Method: projects.locations.datasets.importData

Imports data into a dataset.

For more information, see Importing items into a dataset

HTTP request

POST https://automl.googleapis.com/v1beta1/{name}:importData

Path parameters

Parameters
name

string

Required. Dataset name. Dataset must already exist. All imported annotations and examples will be added.

Authorization requires the following Google IAM permission on the specified resource name:

  • automl.datasets.import

Request body

The request body contains data with the following structure:

JSON representation
{
  "inputConfig": {
    object(InputConfig)
  }
}
Fields
inputConfig

object(InputConfig)

Required. The desired input location and its domain specific semantics, if any.

Response body

If successful, the response body contains an instance of Operation.

Authorization Scopes

Requires the following OAuth scope:

  • https://www.googleapis.com/auth/cloud-platform

For more information, see the Authentication Overview.

InputConfig

Input configuration for datasets.importData action.
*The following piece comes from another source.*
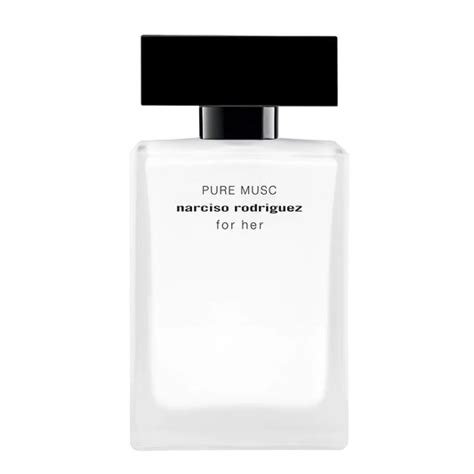 Narciso Rodriguez – MOM PERFUMES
The format of input depends on dataset_metadata the Dataset into which the import is happening has. As input source the gcsSource is expected, unless specified otherwise. If a file with identical content (even if it had different GCS_FILE_PATH) is mentioned multiple times , then its label, bounding boxes etc. are appended. The same file should be always provided with the same ML_USE and GCS_FILE_PATH, if it is not then these values are nondeterministically selected from the given ones.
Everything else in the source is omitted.